**Work instructions:**
In the records below, find the line that contains "Fortune Jewel Golden" and the line that contains "Traueranzeige von Gerald", then retype exactly those two lines and every line between them.

**Material provided:**
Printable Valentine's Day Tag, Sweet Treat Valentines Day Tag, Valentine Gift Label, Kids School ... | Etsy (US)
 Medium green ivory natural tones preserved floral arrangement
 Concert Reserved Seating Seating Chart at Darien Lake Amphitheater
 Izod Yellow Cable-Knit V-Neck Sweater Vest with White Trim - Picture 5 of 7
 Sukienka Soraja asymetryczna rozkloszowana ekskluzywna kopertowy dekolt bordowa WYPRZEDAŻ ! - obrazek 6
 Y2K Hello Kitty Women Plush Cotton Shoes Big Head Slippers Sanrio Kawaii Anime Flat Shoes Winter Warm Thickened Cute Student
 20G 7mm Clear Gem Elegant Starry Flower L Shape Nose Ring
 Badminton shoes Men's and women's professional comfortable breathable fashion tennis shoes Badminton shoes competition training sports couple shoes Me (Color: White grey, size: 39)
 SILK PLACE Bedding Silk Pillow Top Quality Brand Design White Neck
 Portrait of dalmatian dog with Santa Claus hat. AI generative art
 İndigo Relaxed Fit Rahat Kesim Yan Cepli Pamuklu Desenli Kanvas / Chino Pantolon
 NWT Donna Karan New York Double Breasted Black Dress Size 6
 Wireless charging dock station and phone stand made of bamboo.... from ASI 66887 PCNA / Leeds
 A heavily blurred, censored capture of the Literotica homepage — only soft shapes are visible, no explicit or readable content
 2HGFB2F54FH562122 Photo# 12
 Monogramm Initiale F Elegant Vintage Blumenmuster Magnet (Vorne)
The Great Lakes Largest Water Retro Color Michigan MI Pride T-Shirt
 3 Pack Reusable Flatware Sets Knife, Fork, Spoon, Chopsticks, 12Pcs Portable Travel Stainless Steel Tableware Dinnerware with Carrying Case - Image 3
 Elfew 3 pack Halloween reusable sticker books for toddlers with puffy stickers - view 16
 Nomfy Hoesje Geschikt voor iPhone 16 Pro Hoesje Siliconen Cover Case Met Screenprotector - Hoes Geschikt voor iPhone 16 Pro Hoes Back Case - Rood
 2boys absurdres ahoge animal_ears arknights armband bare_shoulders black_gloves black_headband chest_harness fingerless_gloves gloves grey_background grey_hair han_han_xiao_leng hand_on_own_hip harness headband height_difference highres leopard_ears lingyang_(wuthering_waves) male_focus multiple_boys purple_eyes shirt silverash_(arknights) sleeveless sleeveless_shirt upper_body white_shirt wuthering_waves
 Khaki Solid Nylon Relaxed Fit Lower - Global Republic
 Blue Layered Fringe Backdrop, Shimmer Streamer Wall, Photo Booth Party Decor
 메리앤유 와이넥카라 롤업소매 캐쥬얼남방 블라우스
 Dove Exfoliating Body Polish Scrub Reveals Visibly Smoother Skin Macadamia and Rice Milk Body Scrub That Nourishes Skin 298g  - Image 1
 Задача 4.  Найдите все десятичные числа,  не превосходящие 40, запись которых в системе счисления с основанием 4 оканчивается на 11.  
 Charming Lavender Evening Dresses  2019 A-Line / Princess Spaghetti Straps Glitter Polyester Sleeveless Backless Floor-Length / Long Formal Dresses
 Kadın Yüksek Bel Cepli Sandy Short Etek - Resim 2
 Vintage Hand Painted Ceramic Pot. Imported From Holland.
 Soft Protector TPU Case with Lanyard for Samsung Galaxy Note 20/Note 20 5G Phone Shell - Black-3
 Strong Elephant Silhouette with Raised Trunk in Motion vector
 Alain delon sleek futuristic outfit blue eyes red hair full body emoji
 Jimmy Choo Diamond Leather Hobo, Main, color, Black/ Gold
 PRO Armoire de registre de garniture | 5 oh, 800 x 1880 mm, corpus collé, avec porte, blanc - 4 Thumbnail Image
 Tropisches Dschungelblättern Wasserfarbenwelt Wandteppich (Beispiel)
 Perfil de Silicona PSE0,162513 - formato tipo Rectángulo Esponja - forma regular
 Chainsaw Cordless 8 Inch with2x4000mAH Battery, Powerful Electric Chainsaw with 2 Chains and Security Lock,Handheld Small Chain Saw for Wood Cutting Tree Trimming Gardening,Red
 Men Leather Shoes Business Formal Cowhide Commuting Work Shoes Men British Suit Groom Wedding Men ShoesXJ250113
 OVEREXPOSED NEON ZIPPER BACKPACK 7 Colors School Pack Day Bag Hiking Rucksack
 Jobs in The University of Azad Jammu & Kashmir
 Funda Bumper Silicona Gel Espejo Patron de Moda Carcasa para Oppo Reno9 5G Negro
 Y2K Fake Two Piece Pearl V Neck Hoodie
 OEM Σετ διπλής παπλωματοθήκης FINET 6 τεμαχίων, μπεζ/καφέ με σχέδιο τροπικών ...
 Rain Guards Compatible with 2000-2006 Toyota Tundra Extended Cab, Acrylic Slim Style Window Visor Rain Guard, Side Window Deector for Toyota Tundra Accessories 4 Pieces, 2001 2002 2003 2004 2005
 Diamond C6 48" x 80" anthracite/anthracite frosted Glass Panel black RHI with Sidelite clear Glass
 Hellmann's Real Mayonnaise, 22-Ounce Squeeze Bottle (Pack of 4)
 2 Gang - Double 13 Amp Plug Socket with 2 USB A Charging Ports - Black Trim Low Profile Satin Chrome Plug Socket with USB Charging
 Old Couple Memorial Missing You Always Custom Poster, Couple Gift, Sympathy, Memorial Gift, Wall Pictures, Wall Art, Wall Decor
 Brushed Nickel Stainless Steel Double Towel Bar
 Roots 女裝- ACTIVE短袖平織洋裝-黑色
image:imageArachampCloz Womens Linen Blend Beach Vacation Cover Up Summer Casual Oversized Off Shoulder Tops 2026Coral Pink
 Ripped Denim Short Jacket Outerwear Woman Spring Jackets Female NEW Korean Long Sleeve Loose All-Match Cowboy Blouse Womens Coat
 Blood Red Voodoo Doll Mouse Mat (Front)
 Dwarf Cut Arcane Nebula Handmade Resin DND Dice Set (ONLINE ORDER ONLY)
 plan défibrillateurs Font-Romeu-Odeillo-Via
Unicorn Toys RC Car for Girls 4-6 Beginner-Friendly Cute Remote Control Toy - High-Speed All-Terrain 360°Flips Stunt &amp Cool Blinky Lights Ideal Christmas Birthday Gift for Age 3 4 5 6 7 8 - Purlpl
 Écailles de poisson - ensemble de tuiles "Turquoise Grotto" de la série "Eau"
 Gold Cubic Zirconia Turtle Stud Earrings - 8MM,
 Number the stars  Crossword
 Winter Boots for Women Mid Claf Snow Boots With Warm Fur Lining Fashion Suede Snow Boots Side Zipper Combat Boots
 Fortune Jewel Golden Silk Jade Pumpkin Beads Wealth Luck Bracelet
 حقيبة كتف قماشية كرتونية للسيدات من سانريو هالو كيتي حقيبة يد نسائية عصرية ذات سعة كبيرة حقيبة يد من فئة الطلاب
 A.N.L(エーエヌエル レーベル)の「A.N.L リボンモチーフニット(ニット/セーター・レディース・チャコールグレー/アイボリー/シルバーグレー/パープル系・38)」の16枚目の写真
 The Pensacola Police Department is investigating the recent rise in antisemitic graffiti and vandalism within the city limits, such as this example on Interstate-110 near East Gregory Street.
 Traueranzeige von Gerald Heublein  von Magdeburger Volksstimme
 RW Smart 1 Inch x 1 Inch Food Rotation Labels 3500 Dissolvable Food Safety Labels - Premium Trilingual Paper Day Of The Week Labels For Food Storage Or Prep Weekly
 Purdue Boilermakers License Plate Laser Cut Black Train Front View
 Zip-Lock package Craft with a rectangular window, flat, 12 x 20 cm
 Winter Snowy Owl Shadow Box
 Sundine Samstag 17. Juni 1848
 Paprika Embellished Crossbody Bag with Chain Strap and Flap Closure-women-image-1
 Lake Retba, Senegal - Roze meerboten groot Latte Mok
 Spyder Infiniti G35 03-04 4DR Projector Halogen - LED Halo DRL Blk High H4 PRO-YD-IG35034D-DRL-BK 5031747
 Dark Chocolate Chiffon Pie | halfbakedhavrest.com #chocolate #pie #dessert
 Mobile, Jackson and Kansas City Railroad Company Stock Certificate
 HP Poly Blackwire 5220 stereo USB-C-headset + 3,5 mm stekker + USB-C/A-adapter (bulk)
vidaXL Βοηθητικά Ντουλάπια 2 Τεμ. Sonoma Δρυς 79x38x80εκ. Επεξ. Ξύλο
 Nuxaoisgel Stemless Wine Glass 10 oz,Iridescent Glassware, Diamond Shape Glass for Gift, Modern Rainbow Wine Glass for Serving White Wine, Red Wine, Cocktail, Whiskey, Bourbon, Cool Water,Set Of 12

**Output:**
 Fortune Jewel Golden Silk Jade Pumpkin Beads Wealth Luck Bracelet
 حقيبة كتف قماشية كرتونية للسيدات من سانريو هالو كيتي حقيبة يد نسائية عصرية ذات سعة كبيرة حقيبة يد من فئة الطلاب
 A.N.L(エーエヌエル レーベル)の「A.N.L リボンモチーフニット(ニット/セーター・レディース・チャコールグレー/アイボリー/シルバーグレー/パープル系・38)」の16枚目の写真
 The Pensacola Police Department is investigating the recent rise in antisemitic graffiti and vandalism within the city limits, such as this example on Interstate-110 near East Gregory Street.
 Traueranzeige von Gerald Heublein  von Magdeburger Volksstimme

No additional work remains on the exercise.